:: Task ::
Below are records with pictures. Transcribe exactly, and only, the lines from the line with "Dacia Logan" to the line with "A tribute is", both ends included, but not the pictures.

:: Record extracts ::
________

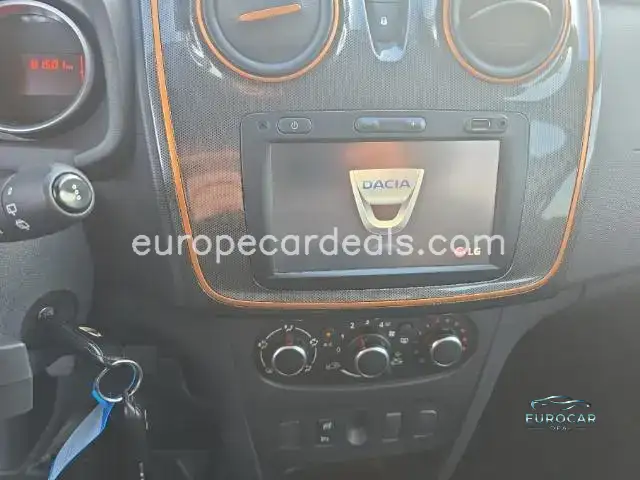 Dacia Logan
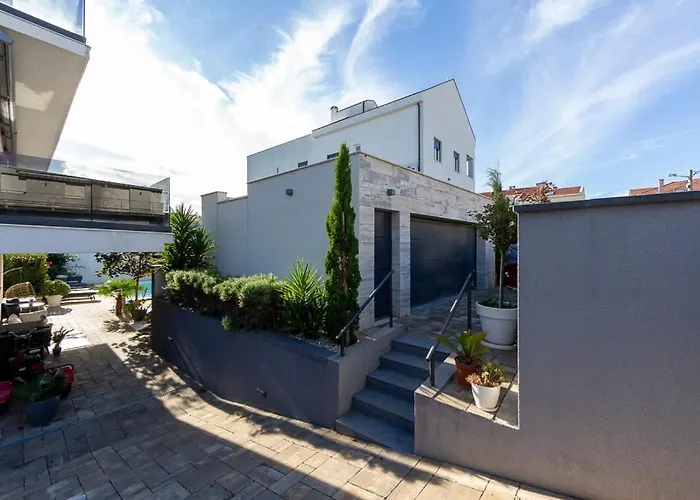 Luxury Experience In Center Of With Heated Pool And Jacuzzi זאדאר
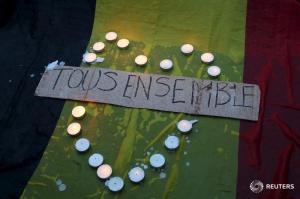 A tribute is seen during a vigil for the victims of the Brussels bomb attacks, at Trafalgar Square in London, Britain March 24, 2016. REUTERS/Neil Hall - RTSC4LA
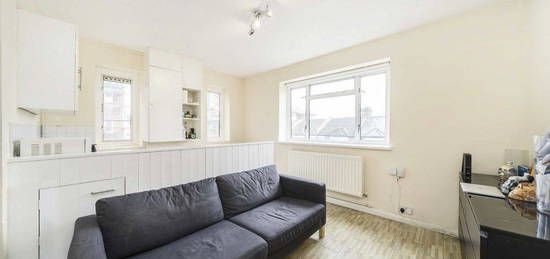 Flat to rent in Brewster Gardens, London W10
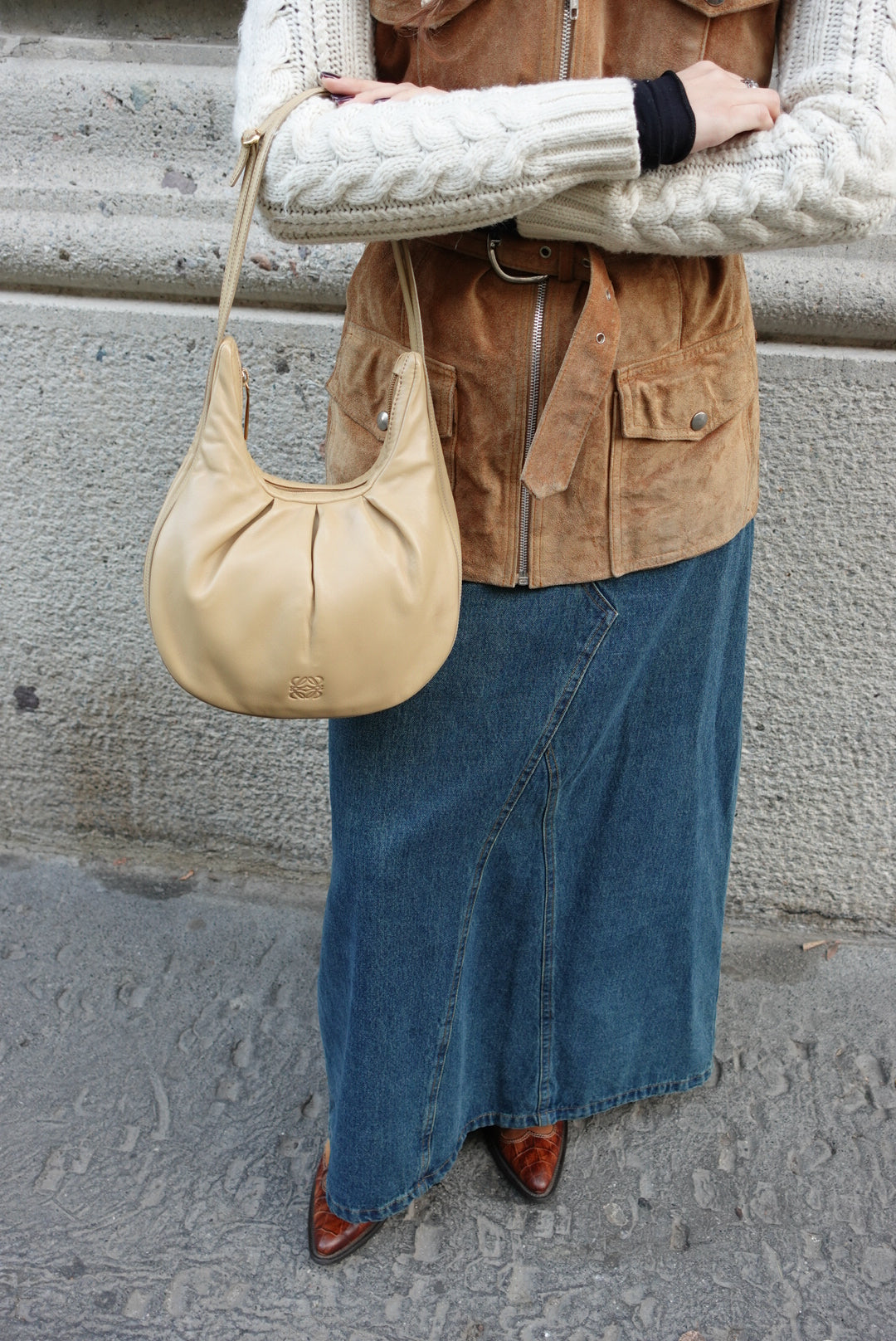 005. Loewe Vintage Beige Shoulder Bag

________

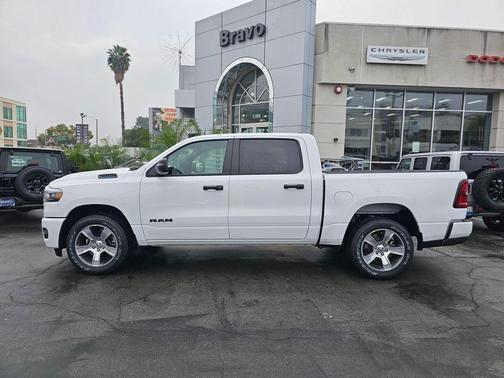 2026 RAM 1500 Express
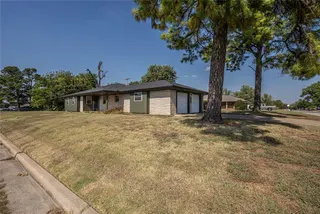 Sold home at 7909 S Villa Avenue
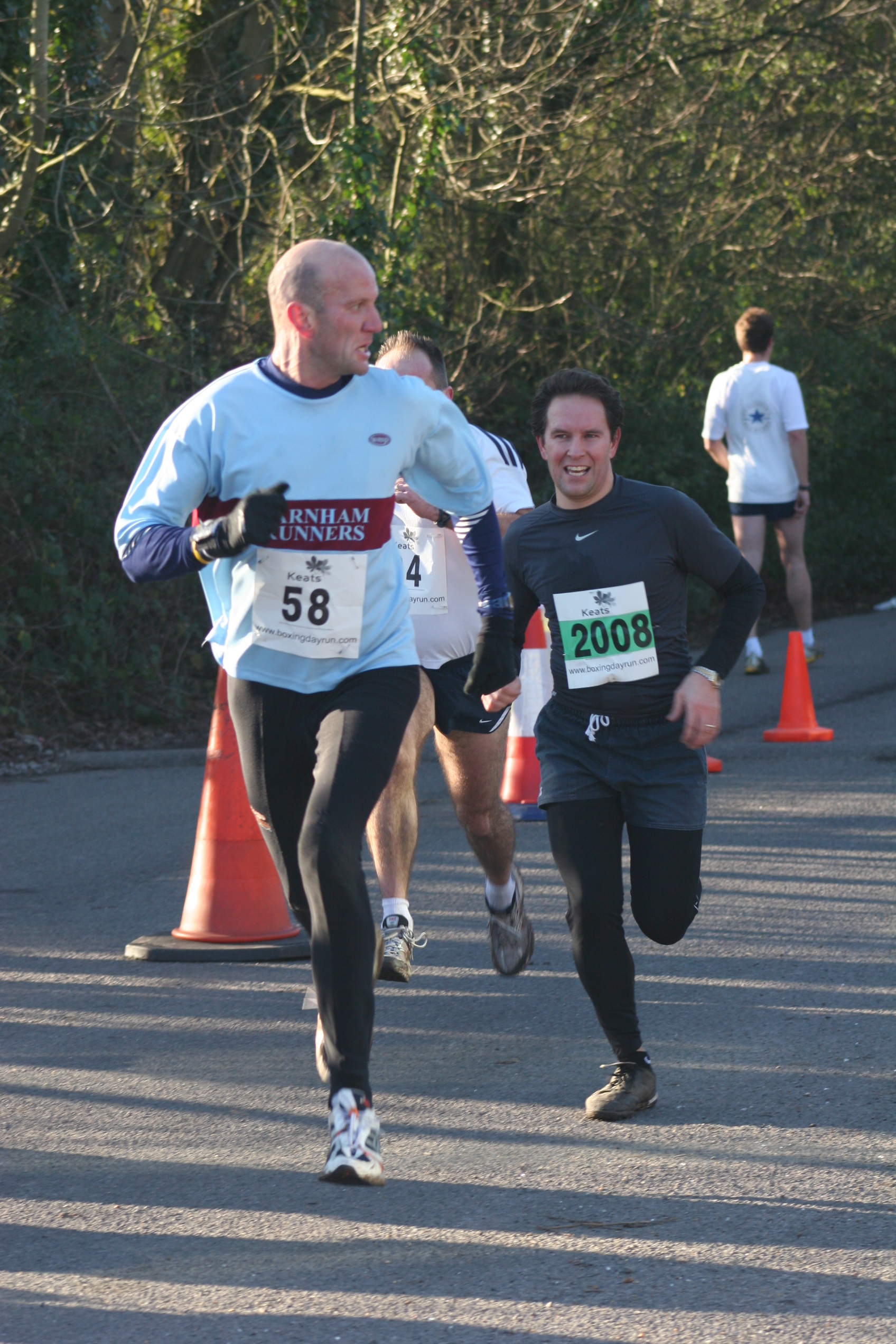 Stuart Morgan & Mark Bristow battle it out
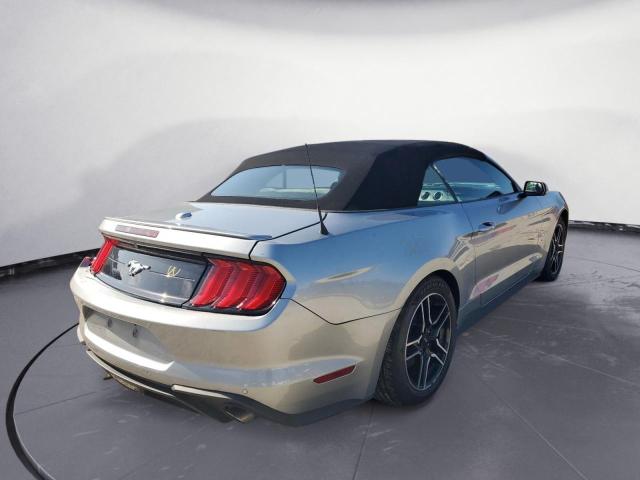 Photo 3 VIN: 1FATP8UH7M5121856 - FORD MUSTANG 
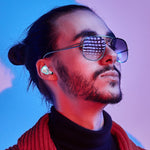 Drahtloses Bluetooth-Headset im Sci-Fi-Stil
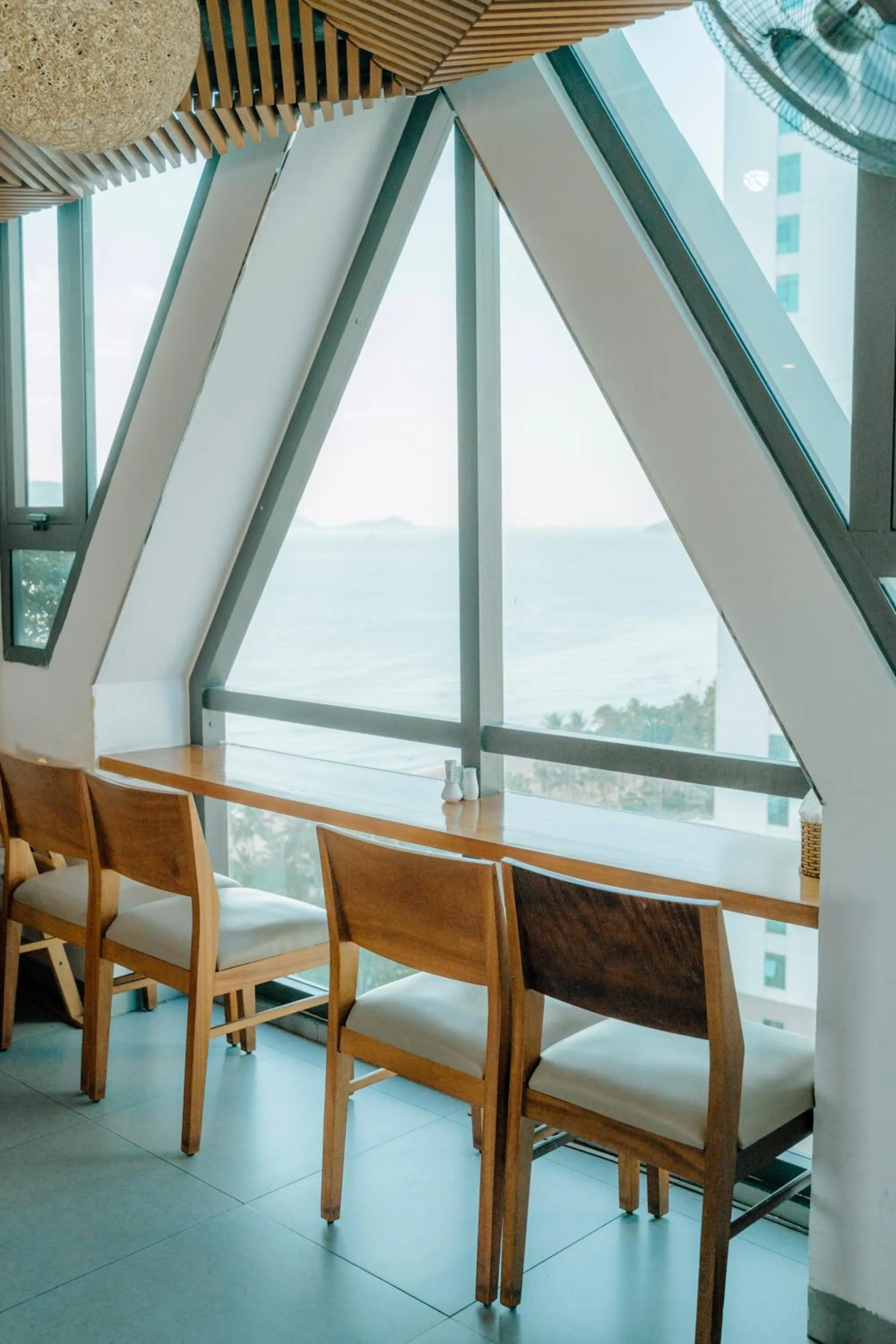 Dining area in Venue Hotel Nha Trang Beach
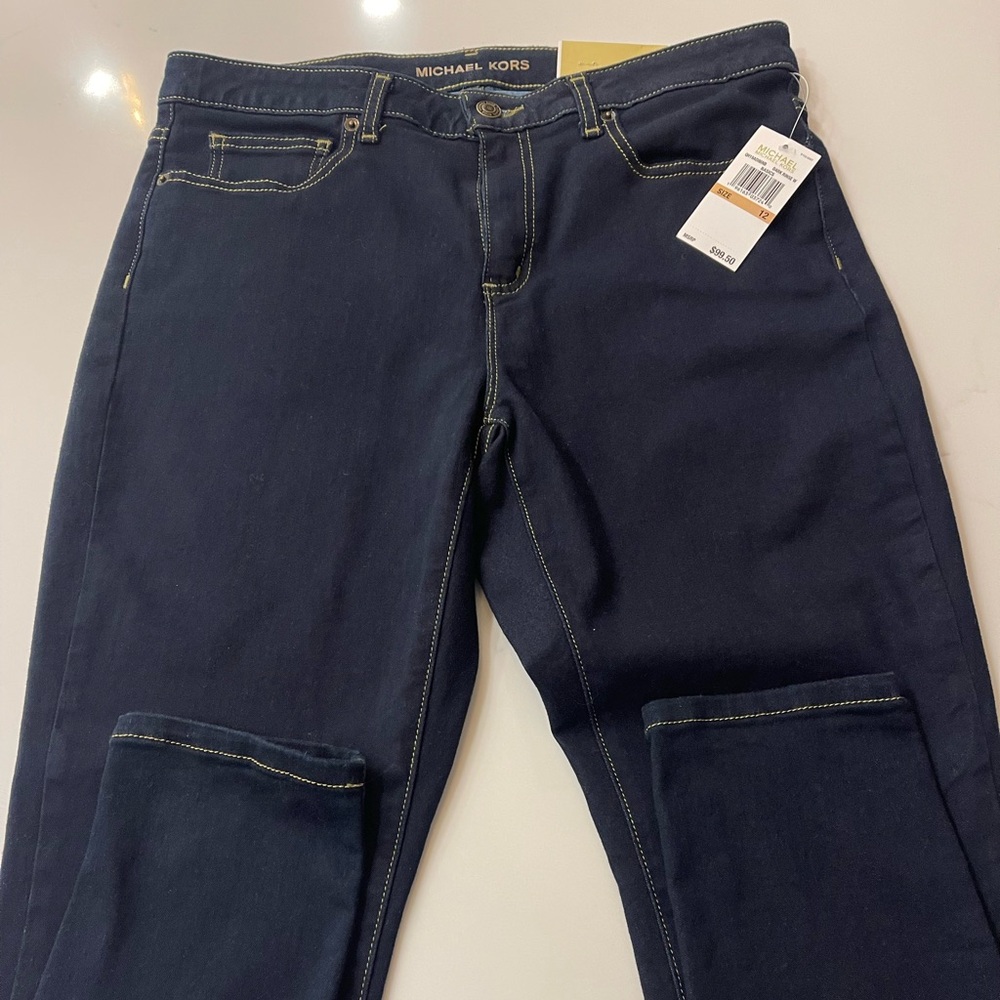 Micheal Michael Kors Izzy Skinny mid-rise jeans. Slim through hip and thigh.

________

:: Exercise result ::
 Dacia Logan
 Luxury Experience In Center Of With Heated Pool And Jacuzzi זאדאר
 A tribute is seen during a vigil for the victims of the Brussels bomb attacks, at Trafalgar Square in London, Britain March 24, 2016. REUTERS/Neil Hall - RTSC4LA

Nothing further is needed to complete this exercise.